EncodingRs

Character encoding and decoding for Elixir. Convert text between UTF-8 and legacy encodings like Shift_JIS, GBK, Big5, EUC-KR, Windows-1252, and more. Supports all 40 encodings from the WHATWG Encoding Standard (with 200+ label aliases).
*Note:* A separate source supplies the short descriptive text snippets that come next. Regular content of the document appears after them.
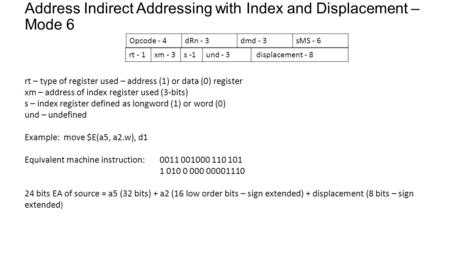 Address Indirect Addressing with Index and Displacement – Mode 6 Opcode - 4dRn - 3dmd - 3sMS - 6 rt - 1xm - 3s -1und - 3 displacement - 8 rt – type of.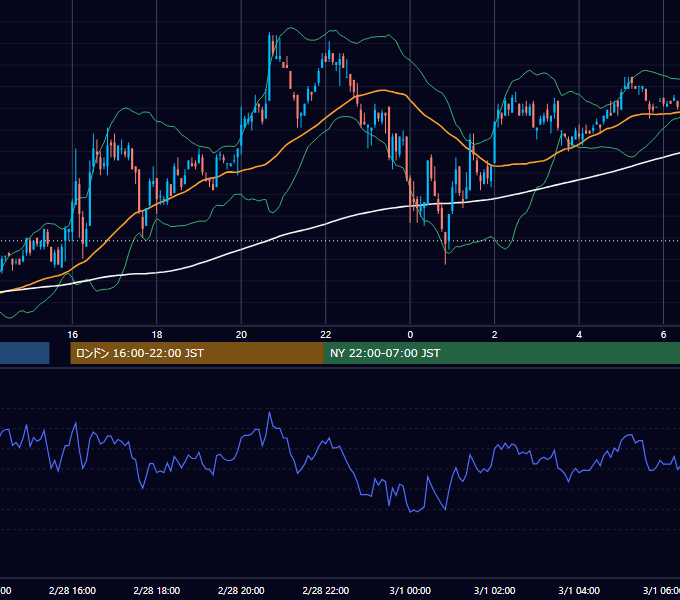 2001年2月28日（水） EUR/USD 5分足チャート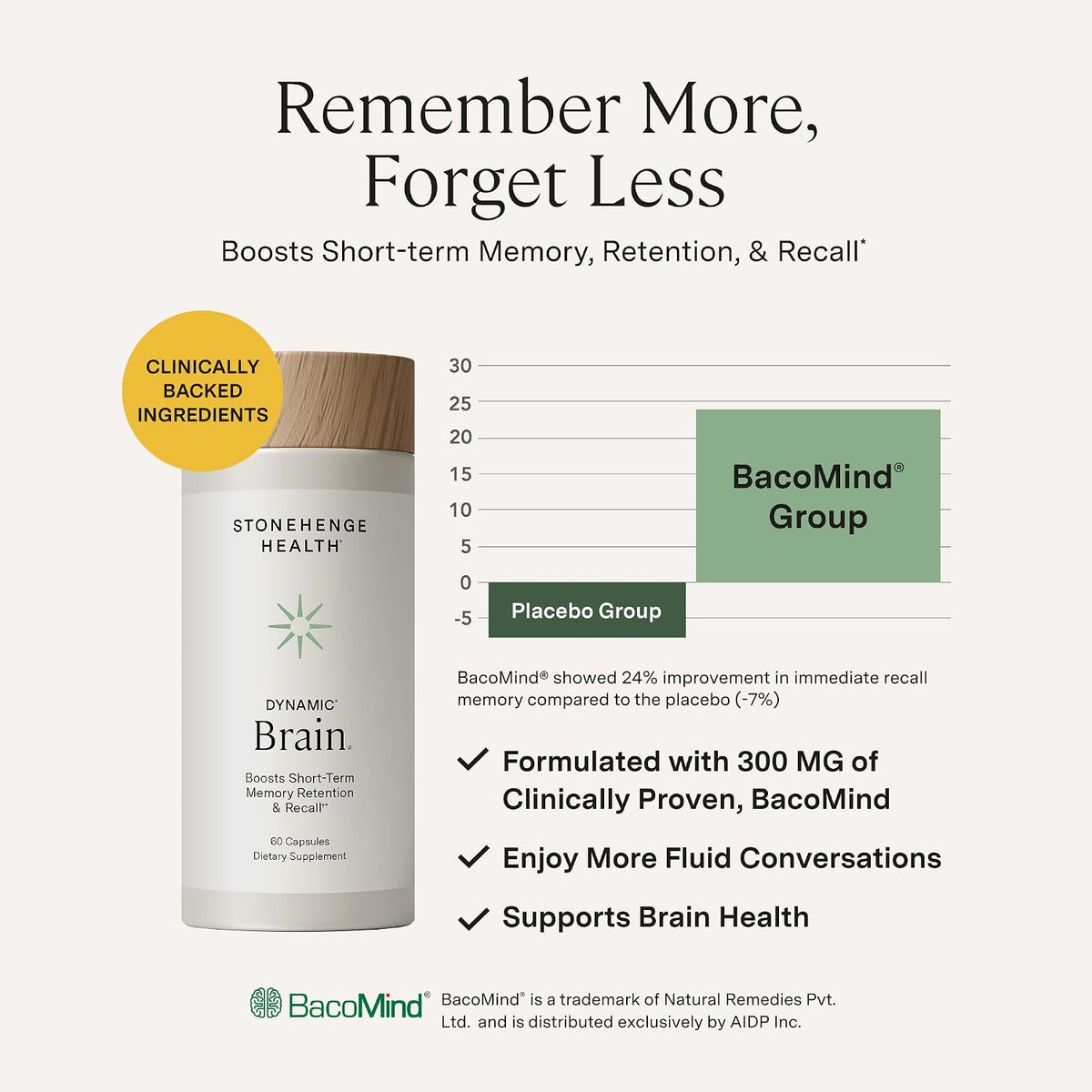 Stonehenge Health Dynamic Brain + Dynamic Turmeric Bundle Supports: Memory Acquisition, Retention, & Recall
Powered by Rust's encoding_rs - the same encoding library used by Firefox.

Use Cases

Processing Japanese text files - Shift_JIS, EUC-JP, ISO-2022-JP
Processing Chinese text files - GBK, GB18030, Big5
Processing Korean text files - EUC-KR
Importing legacy data - Windows-1252, ISO-8859-1, legacy code pages
Web scraping non-UTF-8 sites - decode HTML in any encoding
Converting file encodings - batch convert legacy files to UTF-8
Reading CSV/text with mixed encodings - detect and decode automatically

Supported Encodings

Japanese: Shift_JIS, EUC-JP, ISO-2022-JP

Chinese: GBK, GB18030, Big5

Korean: EUC-KR

Unicode: UTF-8, UTF-16LE, UTF-16BE

Western European: Windows-1252, ISO-8859-1, ISO-8859-15, macintosh

Central/Eastern European: Windows-1250, ISO-8859-2, Windows-1257

Cyrillic: Windows-1251, KOI8-R, KOI8-U, ISO-8859-5, x-mac-cyrillic

Greek: Windows-1253, ISO-8859-7

Turkish: Windows-1254, ISO-8859-9

Hebrew: Windows-1255, ISO-8859-8

Arabic: Windows-1256, ISO-8859-6

Vietnamese: Windows-1258

Thai: Windows-874

Baltic: ISO-8859-4, ISO-8859-13

And more - see the full list at encoding.spec.whatwg.org.

Features

High performance - SIMD-optimized Rust NIF, 3-15x faster than alternatives (see benchmarks)
Batch processing - encode/decode multiple items in a single NIF call for throughput
Streaming decoder - handle large files and chunked data without corrupting multibyte characters
BOM detection - automatically detect UTF-8, UTF-16LE, UTF-16BE from byte order marks
WHATWG compliant - implements the Encoding Standard used by browsers
Precompiled binaries - no Rust toolchain required for common platforms
Dirty schedulers - configurable threshold for offloading large operations (default 64KB)

Installation

def deps do
  [
    {:encoding_rs, "~> 0.2.3"}
  ]
end

The module is still named EncodingRs for API compatibility with the original package.

Precompiled binaries are available for common platforms. If a precompiled binary isn't available for your platform, you'll need Rust installed (use rustup).

Usage

One-Shot Encoding/Decoding

For complete binaries where all data is available at once:

# Decode from Shift_JIS to UTF-8
{:ok, string} = EncodingRs.decode(binary, "shift_jis")
string = EncodingRs.decode!(binary, "shift_jis")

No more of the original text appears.